L’empereur Nicolas portait l’uniforme des Cosaques qui lui allait admirablement bien. Il embrassa avec une émotion visible son fils, qui avait les larmes aux yeux, puis il se plaça à la tête du détachement de l’armée à qui il adressa d’une voix forte et bien accentuée les commandements pour le défilé. La grande-duchesse Marie, à cause de son grand deuil, assistait dans une loge à cette émouvante cérémonie.

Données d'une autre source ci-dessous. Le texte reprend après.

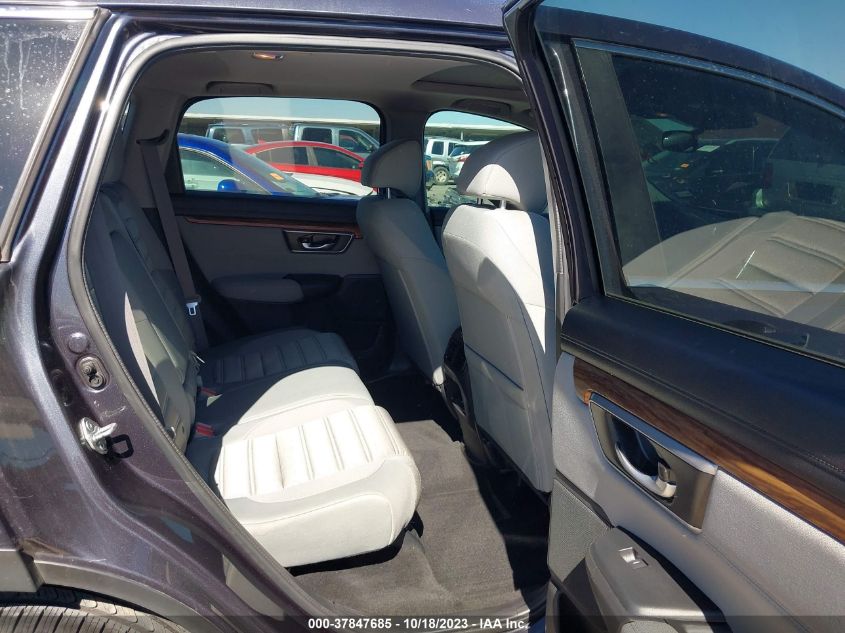 2018 HONDA CR-V EX - 7FARW1H54JE042559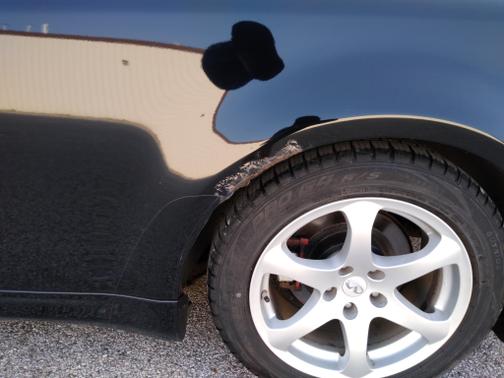2005 INFINITI G35 Base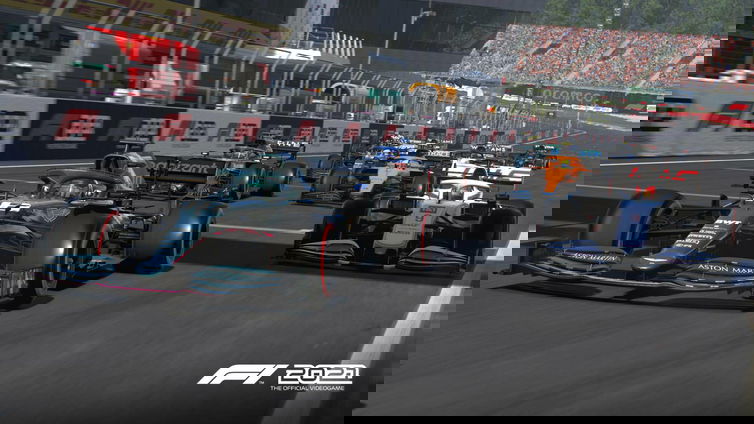 Immagine di F1 2021, disabilitata una funzione su PS5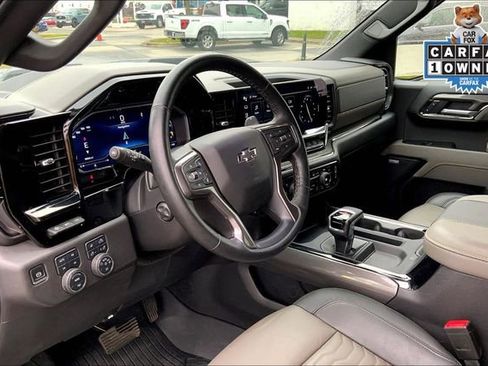 Used 2025 Chevrolet Silverado 1500 ZR2 w/ ZR2 Bison Edition image 13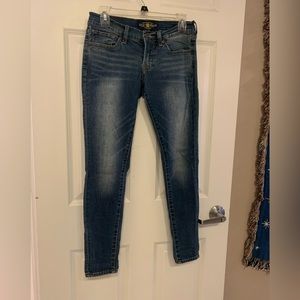 Lucky Brand Charlie Skinny Jean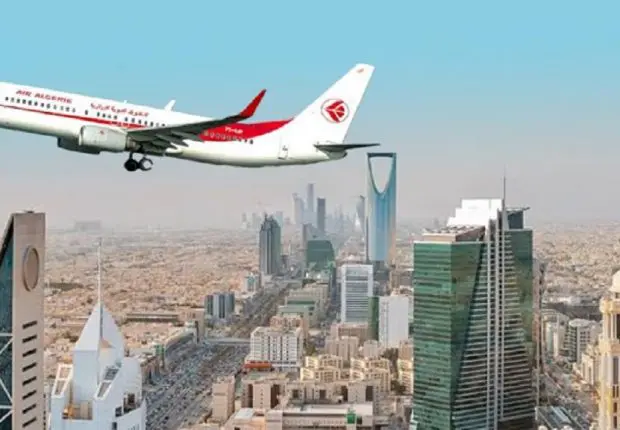 Air Algérie : vers la reprise de la ligne directe Alger – Riyadh ?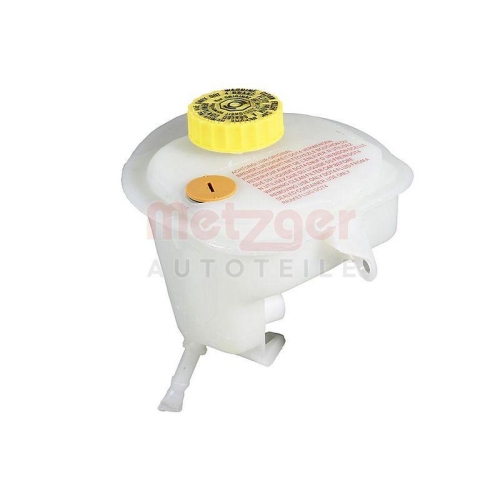 METZGER AUTOTEILE Ausgleichsbehälter, Bremsflüssigkeit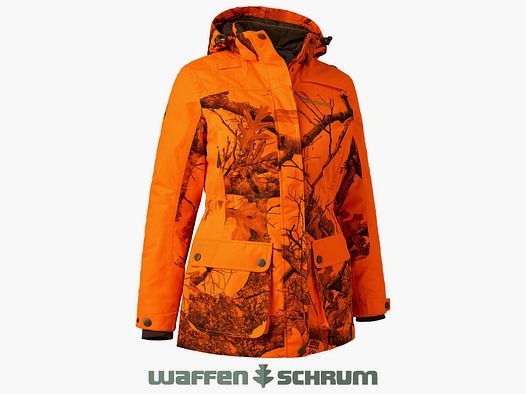 Deerhunter Signaljacke Eagle Winter Realtree Edge ® Safety Orange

Quelques jours après, je fus soumis à une sérieuse épreuve je fus atteint de la petite vérole, gagnée par Gaston de Castelbajac qui me la communiqua. Cela retarda ma présentation officielle à l’Empereur qui avait été fixée au dimanche 12 décembre, à midi, à l’issue de la messe. Je fus tenu en quarantaine pendant plus d’un mois, personne n’osant venir me voir jusqu’à ce que le bain, signe décisif de la convalescence, eût été prescrit par le médecin, mon compatriote, le bon docteur Patenotre. J’étais regardé comme un pestiféré. D’autre part, comme à la même époque la reconnaissance de Napotéon III par le Tzar soulevait des difficultés, on en profitait pour se tenir éloigné de l’ambassade française. Les usages de la cour de Russie imposaient d’ailleurs en pareil cas les plus grandes précautions. Sous le règne de Louis-Philippe, Mlle de Barante, fille de l’ambassadeur de France, fut atteinte de la rougeole. Son père reçut du chancelier de Nesselrode le curieux billet suivant :

« Serait-il vrai, Monsieur l’ambassadeur, que Mlle de Barante eût gagné la rougeole ? Dans ce cas, ne jugeriez-vous pas plus prudent de ne pas venir ce matin au cercle diplomatique auquel assistent, comme vous le savez, Mmes les grandes-duchesses, qui n’ont pas encore eu la rougeole ? Lorsque Mme de Fiquelmont l’a eue il y a quelques années, le comte de Fiquelmont s’est abstenu de paraître à la cour. Si vous croyez devoir suivre son exemple, je vous prierai de me le faire savoir par le porteur, pour que je puisse me charger de vos excuses auprès de Leurs Majestés Impériales.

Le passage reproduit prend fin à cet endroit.